Ses mains la trahissent ,elle doute de son talent d'actrice, mentir avec aplomb et naturel, quelle entreprise périlleuse ! Heureusement, son mentor la tire d'affaire encore une fois. Il serait de bon ton qu'elle compare ses proies à une référence impossible à vérifier: l'Apollon de Bellac. Il vient de naître dans le cerveau fertile de cet inventeur anonyme:
"Dites l'Apollon de Bellac, il n'existe pas. C'est moi qui l'extrais pour vous du terreau et du soleil antiques." Agnès prend soudain de l'assurance. La voilà qui audacieusement se moque de son maître en séduction: "Je suis né à Bellac", confie ce dernier sans se méfier...
La belle enfant se précipite dans la brèche: "On dit que les Limousins sont si laids. Comment se fait-il que vous soyez si beau ?"
Le natif de Bellac accepte le compliment de bonne grâce, une seconde trop tard avant de comprendre la flatterie !
Agnès est armée jusqu'aux dents, parée pour le jeu de la séduction.
Qui sera sa première vraie victime ? Le secrétaire général, individu hideux, tordu, et comble de la malchance, pressé, ne l'enverra-t-il paître avec ces boniments exagérés ? Agnès le contemple, les yeux pleins d'une  expression bizarre quel'autre ne sait comment interpréter. Sa laideur l'effaroucherait-elle à ce point ?
Agnès le pétrifie sur place: "Vous êtes beau" s'écrie-t-elle au malheureux qui se demande s'il rêve.
Sa vanité en sommeil s'éveille doucement, n'aurait-il un air de ressemblance avec un type physique italien remarquable ? Agnès refuse tout net, le secrétaire est au contraire le sosie du fameux "Apollon de Bellac habillé, évidemment " ajoute-t-elle afin de mêler vraisemblance et pudeur...

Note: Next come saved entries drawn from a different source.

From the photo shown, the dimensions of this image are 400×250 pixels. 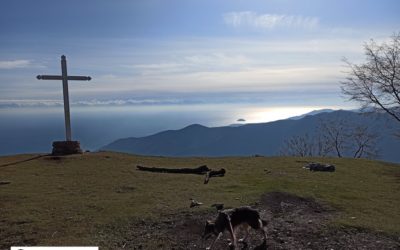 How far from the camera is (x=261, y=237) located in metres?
9.27

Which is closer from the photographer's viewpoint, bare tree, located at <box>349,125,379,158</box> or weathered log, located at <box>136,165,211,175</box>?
weathered log, located at <box>136,165,211,175</box>

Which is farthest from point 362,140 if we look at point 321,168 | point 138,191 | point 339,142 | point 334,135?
point 138,191

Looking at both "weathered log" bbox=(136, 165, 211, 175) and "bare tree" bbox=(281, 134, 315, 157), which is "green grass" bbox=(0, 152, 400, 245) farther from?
"bare tree" bbox=(281, 134, 315, 157)

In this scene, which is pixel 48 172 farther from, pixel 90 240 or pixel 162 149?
pixel 162 149

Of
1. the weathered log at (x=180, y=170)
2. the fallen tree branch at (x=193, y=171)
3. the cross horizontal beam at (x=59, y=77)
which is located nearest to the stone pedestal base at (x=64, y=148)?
the cross horizontal beam at (x=59, y=77)

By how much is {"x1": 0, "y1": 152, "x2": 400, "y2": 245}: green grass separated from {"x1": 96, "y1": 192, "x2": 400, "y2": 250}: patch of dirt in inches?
17.6

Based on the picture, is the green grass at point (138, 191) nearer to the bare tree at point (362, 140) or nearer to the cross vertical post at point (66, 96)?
the cross vertical post at point (66, 96)

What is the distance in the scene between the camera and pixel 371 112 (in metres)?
32.6

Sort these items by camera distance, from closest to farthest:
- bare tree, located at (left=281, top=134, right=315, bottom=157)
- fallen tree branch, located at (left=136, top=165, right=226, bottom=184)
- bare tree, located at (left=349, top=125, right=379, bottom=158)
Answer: fallen tree branch, located at (left=136, top=165, right=226, bottom=184), bare tree, located at (left=349, top=125, right=379, bottom=158), bare tree, located at (left=281, top=134, right=315, bottom=157)

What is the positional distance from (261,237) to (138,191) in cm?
588

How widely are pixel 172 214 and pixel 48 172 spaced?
892 centimetres

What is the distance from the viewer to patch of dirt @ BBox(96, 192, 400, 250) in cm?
895

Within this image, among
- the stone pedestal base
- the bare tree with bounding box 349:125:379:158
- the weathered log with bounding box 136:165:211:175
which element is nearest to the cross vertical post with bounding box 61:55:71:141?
the stone pedestal base

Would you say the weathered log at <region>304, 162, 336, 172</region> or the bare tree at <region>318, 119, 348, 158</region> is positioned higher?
the bare tree at <region>318, 119, 348, 158</region>
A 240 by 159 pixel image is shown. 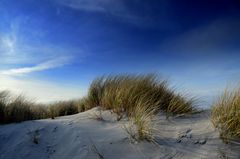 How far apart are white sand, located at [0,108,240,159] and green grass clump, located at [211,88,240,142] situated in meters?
→ 0.15

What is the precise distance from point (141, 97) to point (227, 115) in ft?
7.80

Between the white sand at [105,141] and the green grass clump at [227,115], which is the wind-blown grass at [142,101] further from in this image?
the green grass clump at [227,115]

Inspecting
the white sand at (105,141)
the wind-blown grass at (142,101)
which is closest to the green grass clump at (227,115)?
the white sand at (105,141)

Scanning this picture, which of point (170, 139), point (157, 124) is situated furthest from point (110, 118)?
point (170, 139)

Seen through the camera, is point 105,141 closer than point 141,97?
Yes

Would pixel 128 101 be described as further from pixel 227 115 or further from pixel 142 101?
pixel 227 115

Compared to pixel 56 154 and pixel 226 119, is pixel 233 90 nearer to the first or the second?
pixel 226 119

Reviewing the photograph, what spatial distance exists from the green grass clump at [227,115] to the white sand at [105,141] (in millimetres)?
151

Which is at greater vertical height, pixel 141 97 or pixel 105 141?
pixel 141 97

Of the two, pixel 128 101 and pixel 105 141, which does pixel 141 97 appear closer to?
pixel 128 101

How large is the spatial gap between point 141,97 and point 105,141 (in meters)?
1.91

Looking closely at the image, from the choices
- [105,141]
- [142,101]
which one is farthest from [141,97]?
[105,141]

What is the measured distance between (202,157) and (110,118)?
2570mm

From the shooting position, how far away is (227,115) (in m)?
5.34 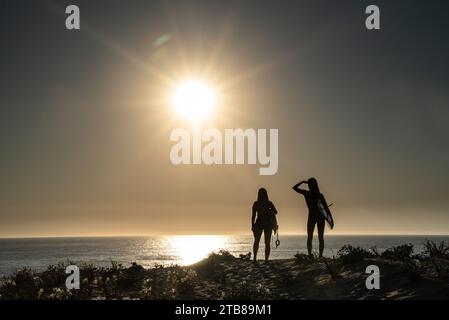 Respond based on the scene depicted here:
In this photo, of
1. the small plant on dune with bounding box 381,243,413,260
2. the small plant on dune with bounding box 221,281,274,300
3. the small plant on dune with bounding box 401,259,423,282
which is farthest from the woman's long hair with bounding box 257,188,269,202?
the small plant on dune with bounding box 401,259,423,282

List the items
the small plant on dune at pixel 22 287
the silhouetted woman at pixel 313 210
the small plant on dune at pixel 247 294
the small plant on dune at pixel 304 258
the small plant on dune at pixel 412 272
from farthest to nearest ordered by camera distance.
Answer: the small plant on dune at pixel 304 258 < the silhouetted woman at pixel 313 210 < the small plant on dune at pixel 22 287 < the small plant on dune at pixel 247 294 < the small plant on dune at pixel 412 272

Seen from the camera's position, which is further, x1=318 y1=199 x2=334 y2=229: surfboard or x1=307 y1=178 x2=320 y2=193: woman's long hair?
x1=307 y1=178 x2=320 y2=193: woman's long hair

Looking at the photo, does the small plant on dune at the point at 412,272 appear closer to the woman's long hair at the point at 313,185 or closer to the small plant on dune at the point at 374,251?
the small plant on dune at the point at 374,251

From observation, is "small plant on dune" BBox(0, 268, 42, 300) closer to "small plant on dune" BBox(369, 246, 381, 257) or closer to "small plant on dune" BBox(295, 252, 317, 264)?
"small plant on dune" BBox(295, 252, 317, 264)

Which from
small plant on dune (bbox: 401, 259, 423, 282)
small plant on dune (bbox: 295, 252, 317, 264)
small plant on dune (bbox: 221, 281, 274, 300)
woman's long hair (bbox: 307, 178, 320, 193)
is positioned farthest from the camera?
small plant on dune (bbox: 295, 252, 317, 264)

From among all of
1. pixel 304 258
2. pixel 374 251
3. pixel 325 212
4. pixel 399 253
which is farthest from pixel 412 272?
pixel 304 258

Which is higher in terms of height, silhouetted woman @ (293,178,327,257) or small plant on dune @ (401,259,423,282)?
silhouetted woman @ (293,178,327,257)

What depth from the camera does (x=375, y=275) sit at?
1204 centimetres

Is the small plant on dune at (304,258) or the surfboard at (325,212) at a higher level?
the surfboard at (325,212)

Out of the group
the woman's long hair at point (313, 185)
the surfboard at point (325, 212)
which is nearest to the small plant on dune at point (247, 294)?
the surfboard at point (325, 212)

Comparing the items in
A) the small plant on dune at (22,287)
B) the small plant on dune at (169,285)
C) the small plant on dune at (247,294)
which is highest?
the small plant on dune at (247,294) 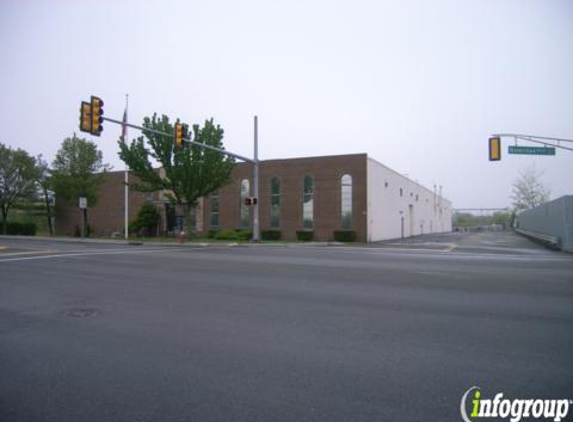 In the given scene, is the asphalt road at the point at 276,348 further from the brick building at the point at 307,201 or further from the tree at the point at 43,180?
the tree at the point at 43,180

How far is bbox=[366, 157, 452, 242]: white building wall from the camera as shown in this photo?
32972mm

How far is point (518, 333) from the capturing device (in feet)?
18.2

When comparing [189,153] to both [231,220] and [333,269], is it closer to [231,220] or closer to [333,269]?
[231,220]

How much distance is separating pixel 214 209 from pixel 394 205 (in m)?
19.0

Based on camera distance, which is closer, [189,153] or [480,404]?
[480,404]

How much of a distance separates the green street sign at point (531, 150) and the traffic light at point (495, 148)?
2857 mm

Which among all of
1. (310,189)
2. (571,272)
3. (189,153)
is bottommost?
(571,272)

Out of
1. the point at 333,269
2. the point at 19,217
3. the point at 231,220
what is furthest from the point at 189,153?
the point at 19,217

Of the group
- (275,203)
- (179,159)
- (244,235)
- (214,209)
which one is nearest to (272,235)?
(244,235)

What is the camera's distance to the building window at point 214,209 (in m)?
38.6

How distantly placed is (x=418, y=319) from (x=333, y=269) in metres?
5.93

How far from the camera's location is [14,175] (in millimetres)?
41125

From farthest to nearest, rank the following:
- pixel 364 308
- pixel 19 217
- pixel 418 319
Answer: pixel 19 217, pixel 364 308, pixel 418 319

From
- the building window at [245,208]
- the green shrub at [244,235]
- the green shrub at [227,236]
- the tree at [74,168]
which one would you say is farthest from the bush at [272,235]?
the tree at [74,168] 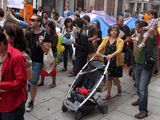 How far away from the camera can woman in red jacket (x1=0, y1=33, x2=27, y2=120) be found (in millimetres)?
2135

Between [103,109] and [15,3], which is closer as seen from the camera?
[103,109]

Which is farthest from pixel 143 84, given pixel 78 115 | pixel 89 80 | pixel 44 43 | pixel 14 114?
pixel 14 114

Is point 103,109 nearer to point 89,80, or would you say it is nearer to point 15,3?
point 89,80

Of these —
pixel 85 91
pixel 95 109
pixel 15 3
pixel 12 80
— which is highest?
pixel 15 3

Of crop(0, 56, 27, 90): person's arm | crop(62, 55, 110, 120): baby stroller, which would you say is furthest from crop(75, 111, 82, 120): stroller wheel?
crop(0, 56, 27, 90): person's arm

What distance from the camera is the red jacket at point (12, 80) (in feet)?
7.00

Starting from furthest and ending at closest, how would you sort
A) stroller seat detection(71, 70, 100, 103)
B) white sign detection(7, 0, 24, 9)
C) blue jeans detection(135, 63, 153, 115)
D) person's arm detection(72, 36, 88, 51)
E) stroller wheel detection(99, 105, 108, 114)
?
white sign detection(7, 0, 24, 9)
person's arm detection(72, 36, 88, 51)
stroller seat detection(71, 70, 100, 103)
stroller wheel detection(99, 105, 108, 114)
blue jeans detection(135, 63, 153, 115)

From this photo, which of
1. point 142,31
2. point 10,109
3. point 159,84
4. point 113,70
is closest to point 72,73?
point 113,70

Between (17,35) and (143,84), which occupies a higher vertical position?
(17,35)

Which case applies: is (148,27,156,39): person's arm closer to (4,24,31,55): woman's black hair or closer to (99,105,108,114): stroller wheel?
(99,105,108,114): stroller wheel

Définitivement enjôlé, le brave homme promet de revêtir un costume élégant afin d'être digne de ce mystérieux Apollon de Bellac qui lui ressemble comme un frère.
En attendant, la situation est grave. Inquiétante même; voici que déferlent les poussiéreux membres du Conseil.Vont-ils se laisser manipuler par l'ingénue ?
Agnès vient justement d'être engagée comme dactylographe par son  nouvel ami et admirateur après le plus fantaisiste des entretiens d'embauche: une jeune fille pratiquant le seul piano, prenant la dictée fort lentement et incapable de se relire, mais c'est la candidate idéale  ! Et ce ne sont pas les honorables Messieurs du Conseil qui la renieront ! La vie pétille, le printemps éclate, une adorable créature vient d'affirmer haut et clair:
"Que vous êtes beaux!"
Les respectables chercheurs bombent le torse. Tous marchent sur une mer éthérée, peuplée de miroirs rendant une image flatteuse de leurs charmes impromptus.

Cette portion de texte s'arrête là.